Your output should be the lines below from the one with "հետ վիճեցի, կնոջս" through the one with "群众|【我为群众办实事】湘潭县中医医院提升服务水平 推进疫苗流动接种点工作", copied exactly, pictures excluded.
═══ Data provided
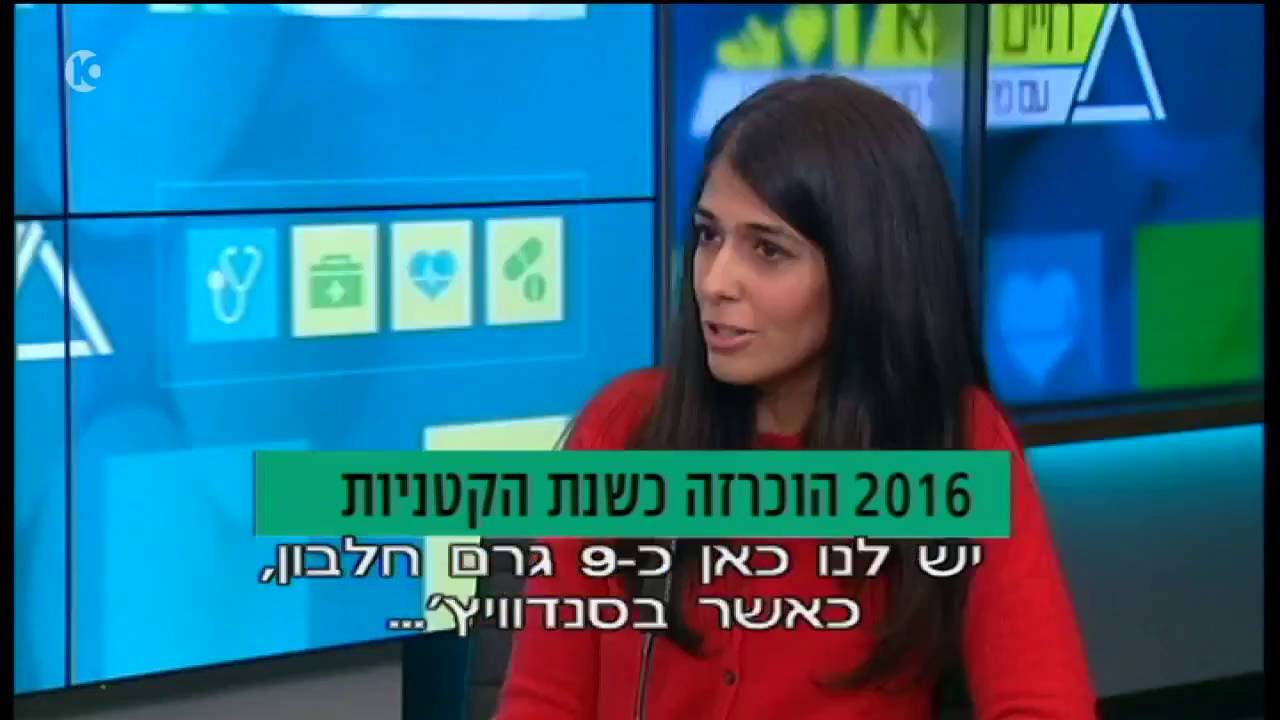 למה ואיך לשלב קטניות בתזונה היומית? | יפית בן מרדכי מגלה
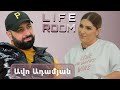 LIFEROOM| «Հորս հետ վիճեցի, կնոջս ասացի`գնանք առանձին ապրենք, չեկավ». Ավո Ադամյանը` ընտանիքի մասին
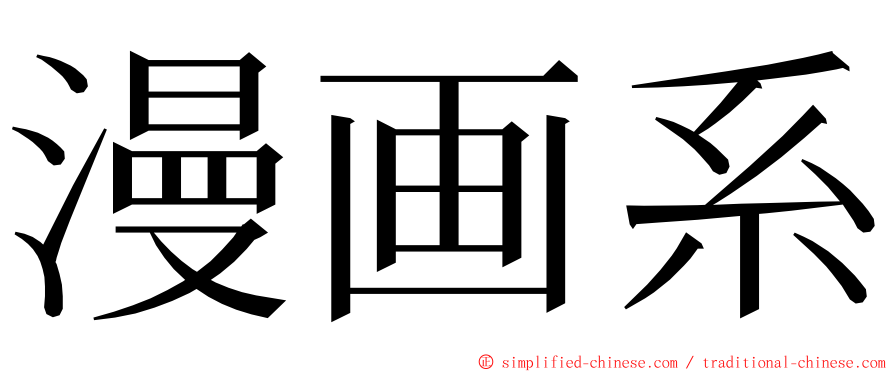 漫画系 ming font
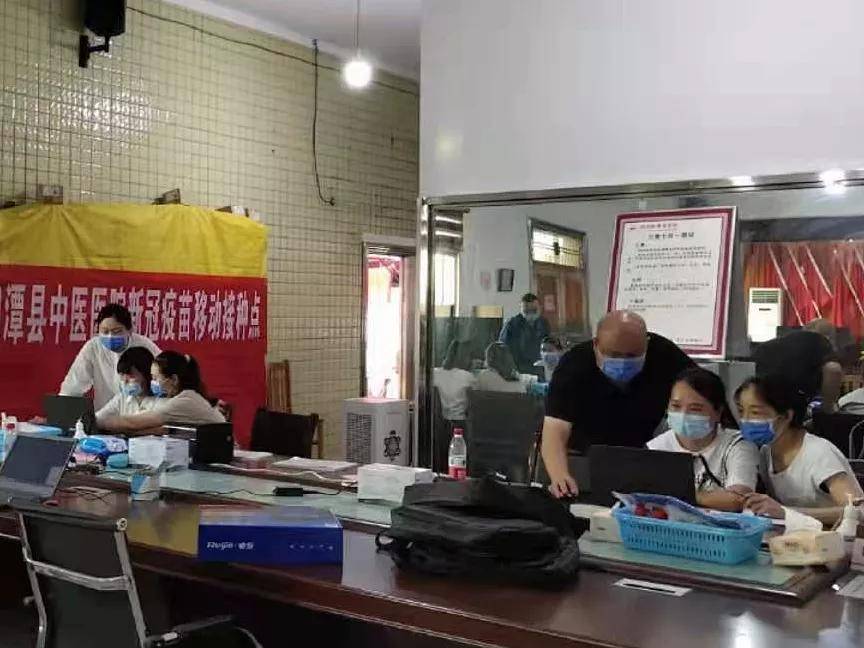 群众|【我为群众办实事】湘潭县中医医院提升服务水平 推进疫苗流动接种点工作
══════
═══ Data provided
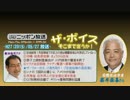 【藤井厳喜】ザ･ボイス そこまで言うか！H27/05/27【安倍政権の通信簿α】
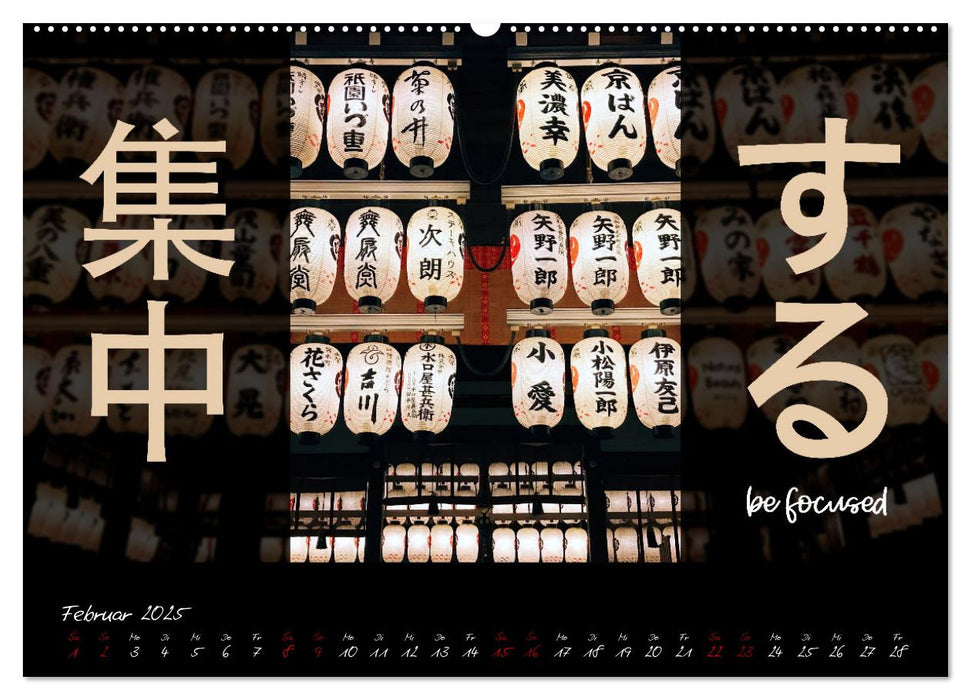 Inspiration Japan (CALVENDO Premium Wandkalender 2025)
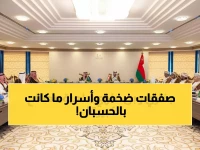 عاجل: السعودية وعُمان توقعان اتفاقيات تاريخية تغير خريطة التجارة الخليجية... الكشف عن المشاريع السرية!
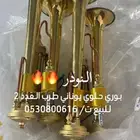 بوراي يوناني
══════
== Exercise result ==
 LIFEROOM| «Հորս հետ վիճեցի, կնոջս ասացի`գնանք առանձին ապրենք, չեկավ». Ավո Ադամյանը` ընտանիքի մասին
 漫画系 ming font
 群众|【我为群众办实事】湘潭县中医医院提升服务水平 推进疫苗流动接种点工作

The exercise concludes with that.